Da diverse settimane questo motivo era diventato, a Londra, un'autentica persecuzione. Si trattava di una delle innumerevoli canzoni, tutte dello stesso genere, messe in circolazione a beneficio dei prolet da una sottosezione del Reparto Musica. Le parole non erano opera di esseri umani, ma di un macchinario detto versificatore, però la donna le cantava in maniera così intonata da rendere quella porcheria quasi piacevole. Winston sentiva il canto della donna, lo strascichio delle sue scarpe sul selciato, le grida dei bambini giù in strada e, in lontananza, un debole rumore prodotto dal traffico, eppure l'assenza del teleschermo rendeva la stanza stranamente silenziosa.

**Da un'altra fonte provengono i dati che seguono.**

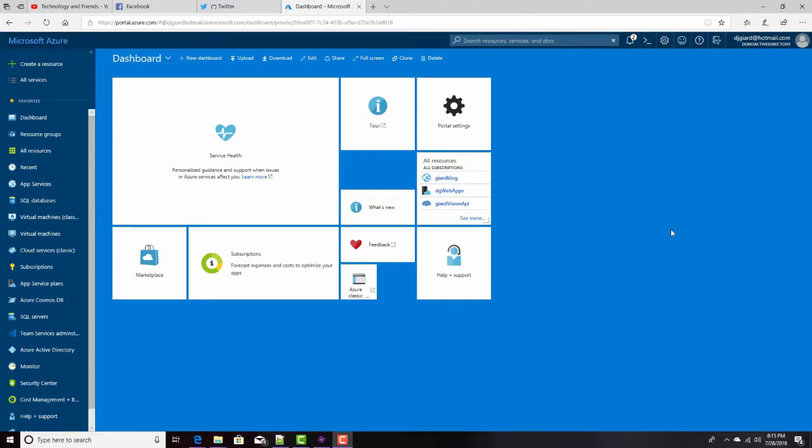Hi, this is David. In our last video, we talked about Microsoft Azure Virtual Machines. And I showed you how to create an Azure Virtual Machine based on the Windows Server operating system.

Una pazzia, una pazzia, una vera pazzia, si ripeté nuovamente. Avrebbero potuto incontrarsi in quella stanza per qualche settimana ancora, ma poi sarebbero stati scoperti certamente. Eppure la tentazione di avere un rifugio tutto loro, al coperto e non troppo lontano, era stata per entrambi troppo forte. Dopo l'incontro nel campanile, per parecchio tempo era stato impossibile rivedersi. L'organizzazione della Settimana dell'Odio aveva com- portato un aumento massiccio delle ore lavorative. Mancava ancora un mese, ma i preparativi mastodontici e complessi avevano imposto a tutti prestazioni d'opera extra. Finalmente erano riusciti ad avere un pomeriggio libero nello stesso giorno e avevano convenuto di ritornare alla radura nel bosco. La sera prima s'incontrarono brevemente per strada. Come d'abitudine, Winston guardò appena Julia mentre si avvicinavano l'uno all'altra facendosi trasportare dalla folla, ma gli bastò quella rapida occhiata per avere l'impressione che la ragazza fosse più pallida del solito.